Self-Supervised Exploration via Disagreement
Deepak Pathak · Dhiraj Gandhi · Abhinav Gupta
Exploration has been a long standing problem in both model-based and model-free learning methods for sensorimotor control. There have been major advances in recent years demonstrated in noise-free, non-stochastic domains such as video games and simulation. However, most of the current formulations get stuck when there are stochastic dynamics. In this paper, we propose a formulation for exploration inspired from the work in active learning literature. Specifically, we train an ensemble of dynamics models and incentivize the agent to maximize the disagreement or variance of those ensembles. We show that this formulation works as well as other formulations in non-stochastic scenarios, and is able to explore better in scenarios with stochastic-dynamics. Further, we show that this objective can be leveraged to perform differentiable policy optimization. This leads to a sample efficient exploration policy. We show experiments on a large number of standard environments to demonstrate the efficacy of this approach. Furthermore, we implement our exploration algorithm on a real robot which learns to interact with objects completely from scratch. Project videos are in supplementary.

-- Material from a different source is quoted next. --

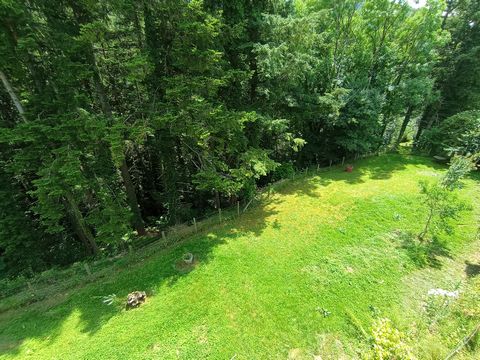 photo no. 3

Efficient Off-Policy Meta-Reinforcement Learning via Probabilistic Context Variables
Kate Rakelly · Aurick Zhou · Chelsea Finn · Sergey Levine · Deirdre Quillen
Deep reinforcement learning algorithms require large amounts of experience to learn an individual task. While in principle meta-reinforcement learning (meta-RL) algorithms enable agents to learn new skills from small amounts of experience, several major challenges preclude their practicality. Current methods rely heavily on on-policy experience, limiting their sample efficiency, and lack mechanisms to reason about task uncertainty when identifying and learning new tasks, limiting their effectiveness in sparse reward problems. In this paper, we aim to address these challenges by developing an off-policy meta-RL algorithm based on online latent task inference. Our method can be interpreted as an implementation of online probabilistic filtering of latent task variables to infer how to solve a new task from small amounts of experience. This probabilistic interpretation also enables posterior sampling for structured exploration. Our method outperforms prior algorithms in asymptotic performance and sample efficiency on several meta-RL benchmarks.